ZeroDivisionException

Division by zero.

ArithmeticException

Arithmetic Exception.

NumberFormatException

Invalid radix.

AssertionError

Assertion Error.

End of Exceptions

class CR

Introduction

Constructive real numbers, also known as recursive, or computable reals. Each recursive real number is represented as an object that provides an approximation function for the real number.
The approximation function guarantees that the generated approximation is accurate to the specified precision.
Arithmetic operations on constructive reals produce new such objects; they typically do not perform any real computation.
In this sense, arithmetic computations are exact: They produce a description which describes the exact answer, and can be used to later approximate it to arbitrary precision.

When approximations are generated, e.g. for output, they are accurate to the requested precision; no cumulative rounding errors are visible.
In order to achieve this precision, the approximation function will often need to approximate subexpressions to greater precision than was originally demanded. Thus the approximation of a constructive real number generated through a complex sequence of operations may eventually require evaluation to very high precision. This usually makes such computations prohibitively expensive for large numerical problems.
But it is perfectly appropriate for use in a desk calculator, for small numerical problems, for the evaluation of expressions computated by a symbolic algebra system, for testing of accuracy claims for floating point code on small inputs, or the like.

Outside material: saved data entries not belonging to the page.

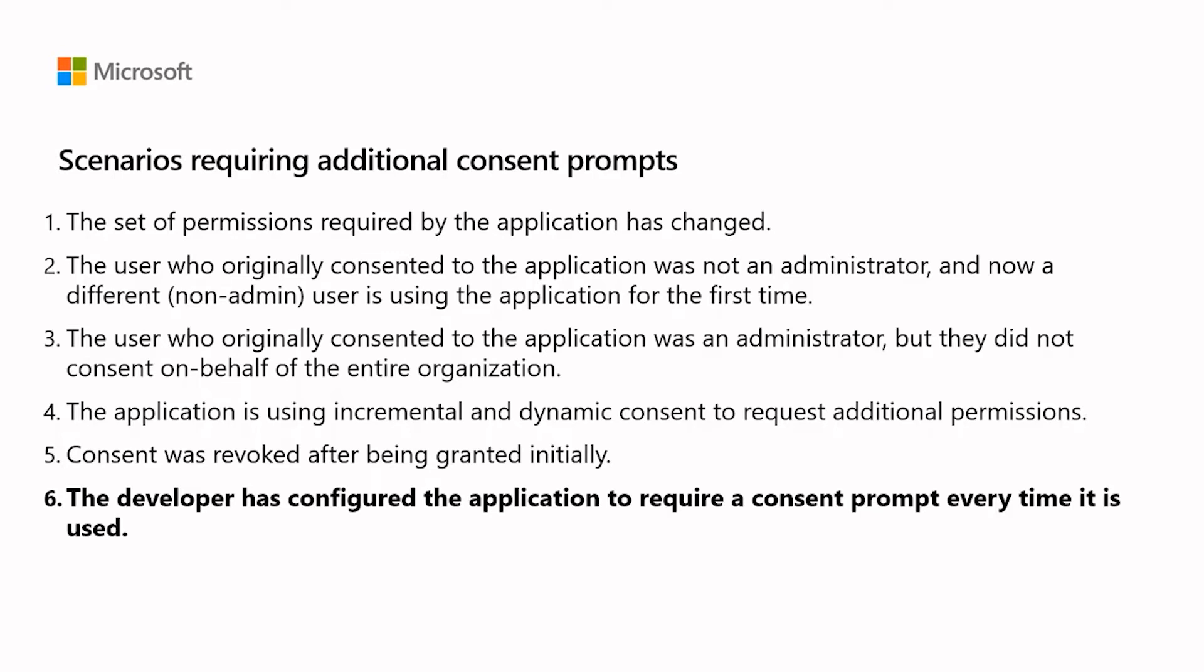This is unnecessary since Azure Active Directory has the capability to intelligently prompt for consent to the users only when it is necessary. Let us have a closer look at this last situation, why it occurs and how to resolve it.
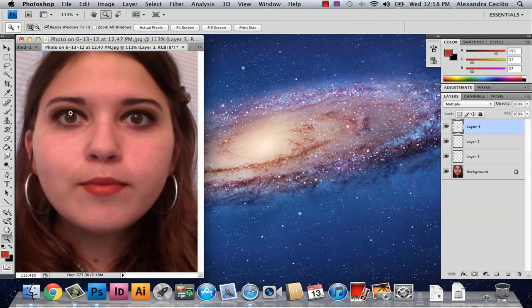And there you've got your makeup. My name is Alex, and this is how you draw makeup in Photoshop. Thank you.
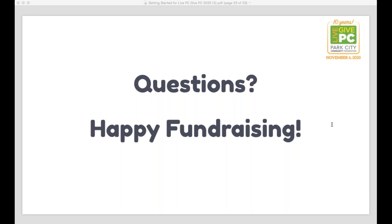All right, I don't see any other questions. So, Christine, unless you have anything else to share, we can go ahead and let everyone get back to the rest of their day. Thanks everyone for joining us today. Go check out the Nonprofit Toolkit, sign up for our next webinar, access the resources, and you'll also be able to access the recording of today's webinar on the toolkit as well. Thank you so much, Bethany — this is Christine again. I don't have anything else to share. I think that was incredibly thorough. Reach out to us if you have any questions at all throughout this entire process — you can always contact me at christine@parkcitycf.org. Good luck with your Live PC, Give PC campaign, and we look forward to catching you on our next training.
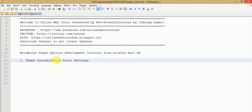Hello guys, welcome to Online Web Tutorial presented by Profotech Solutions team. I am Sanjay. This is Part 6 of the WordPress theme options development tutorial from scratch. If you're a beginner, I strongly recommend watching from Part 1 to Part 5. In the last video, number 5, I gave a demo of a custom theme tool showing how we can make customizations to a live website.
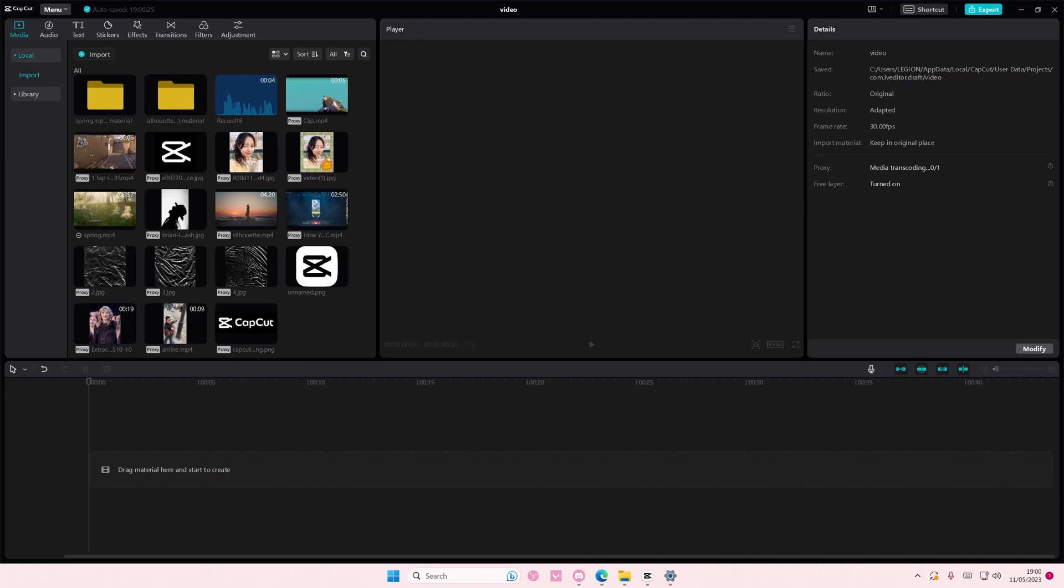Make sure those two clips are the same duration though, like similar length, so it can replace the media that's on the timeline.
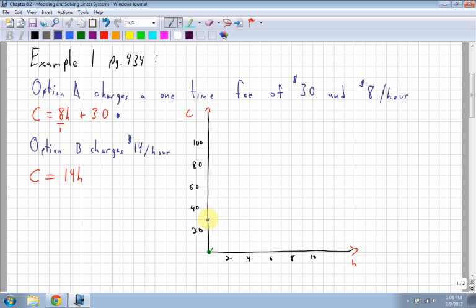With a slope of 8 over 1 and starting at 30, I plot points going up 8 and over 1 each time: 38, 46, 54, 62, and 70. It's a good idea to keep plotting points until you reach the actual intersection point, which is around 70 and 5.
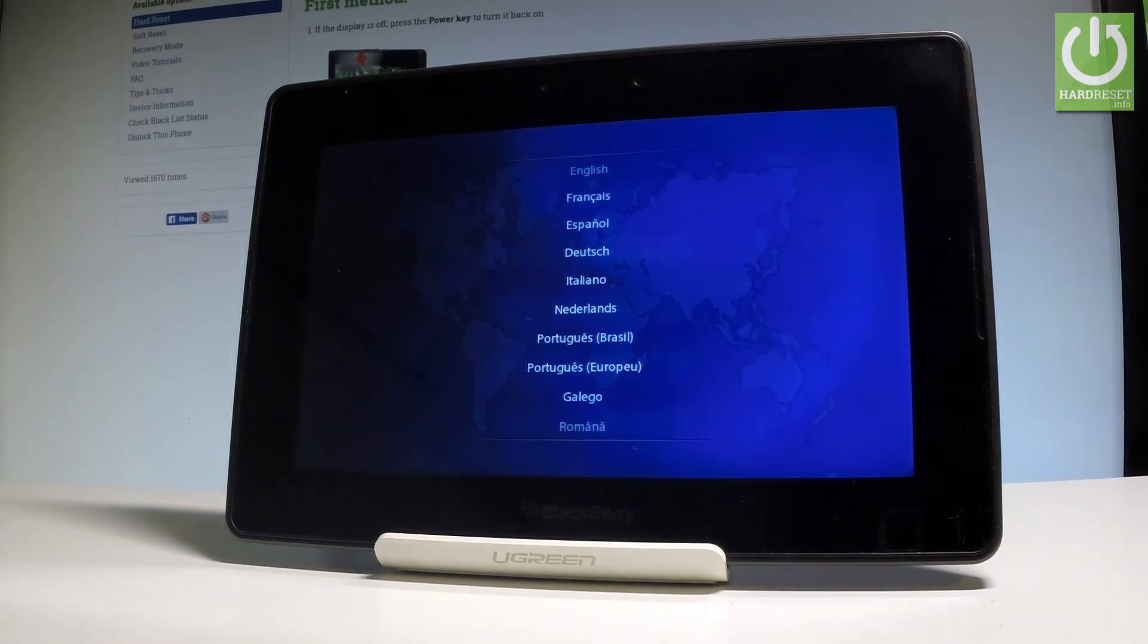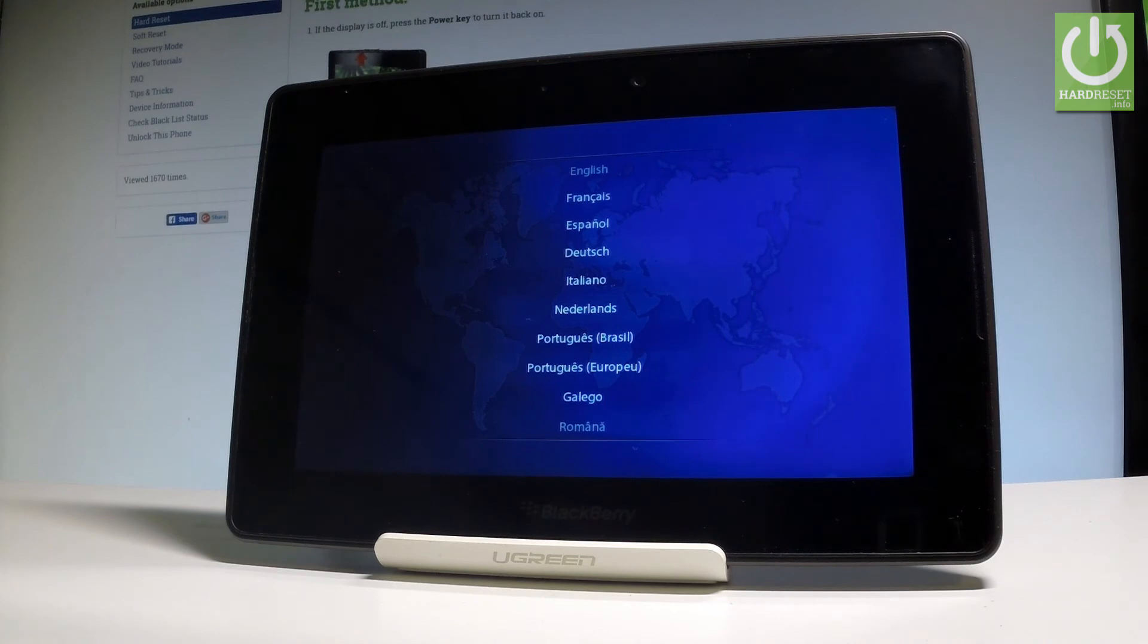Excellent. As you can see, the welcome panel just pops up, which simply means that the hard reset operation is done.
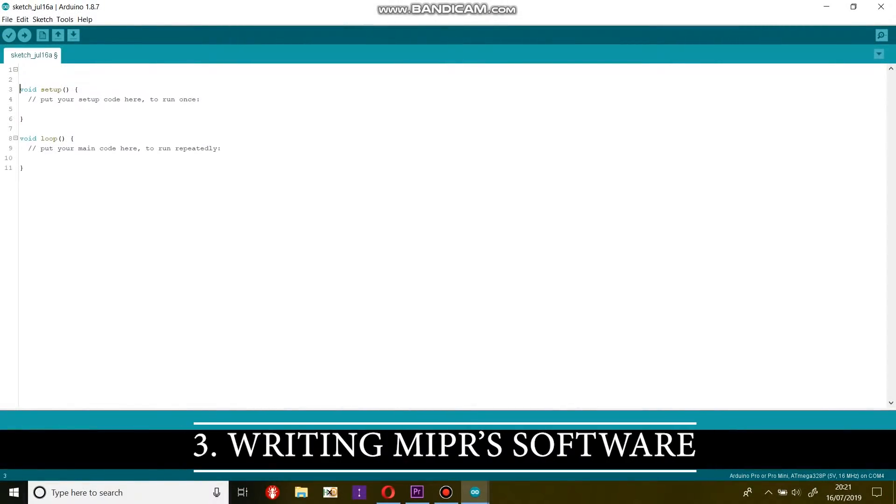Hi guys! Now we need to give Mipper some functions by writing and uploading code to the Arduino. You can download this code from L33T.UK.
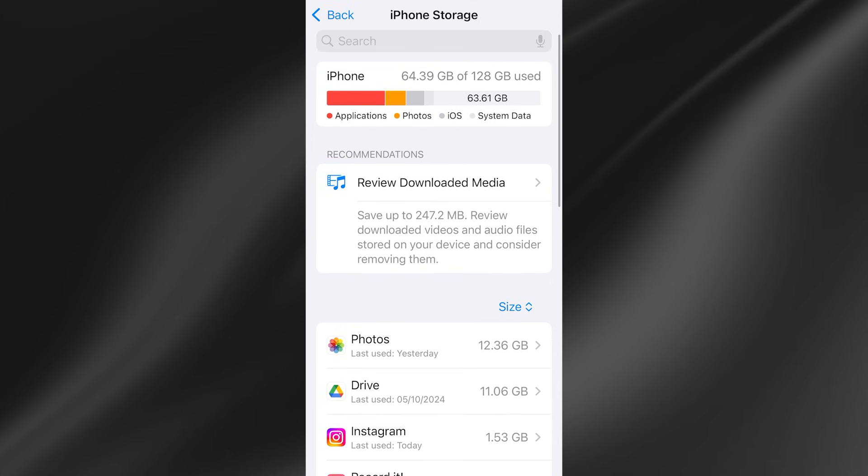So you can see I have 64 gigabytes out of 128 gigabytes which is more than enough space to run Roblox.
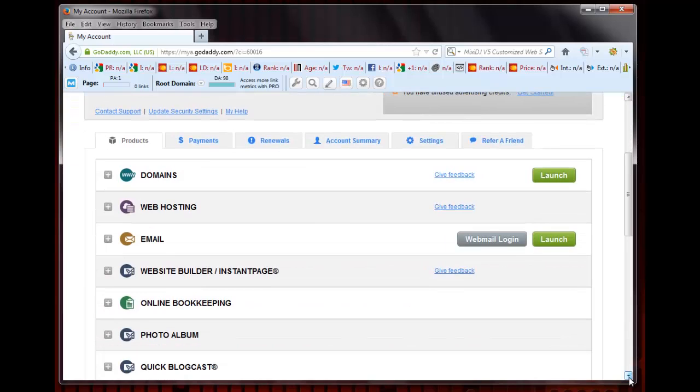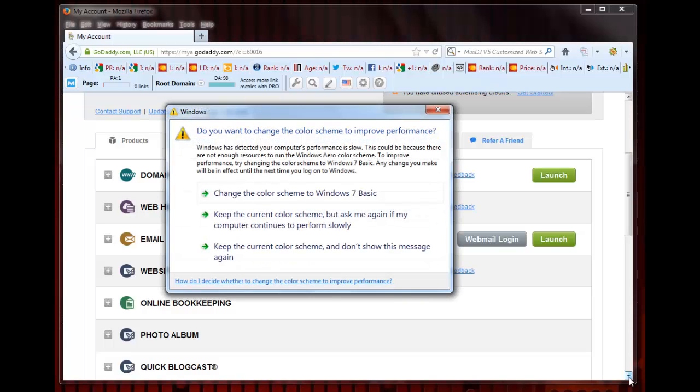You will then see a list of different types of GoDaddy products. Click on the plus next to Web Hosting to reveal the sub-listings and then select your website by clicking on the green launch button to the right of the URL.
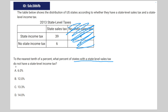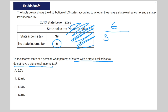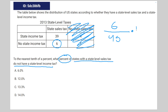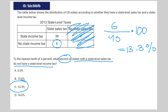So we're looking for the states that do not have a state-level income tax. That's going to be 6 over the total, which is 39 plus 6, which is 6 over 45. And since the percentage is times 100, that equals 13.3%. And C is your correct answer.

We expect that the vast majority of uses will ignore the particular implementation, and the member functons approximate and get_appr. Such applications will treat CR as a conventional numerical type, with an interface modelled on java.math.BigInteger. No subclasses of CR will be explicitly mentioned by such a program.

All standard arithmetic operations, as well as a few algebraic and transcendal functions are provided. Constructive reals are immutable; thus all of these operations return a new constructive real.

A few uses will require explicit construction of approximation functions. The requires the construction of a subclass of CR with an overridden approximate function. Note that approximate should only be defined, but never called. get_appr provides the same functionality, but adds the caching necessary to obtain reasonable performance.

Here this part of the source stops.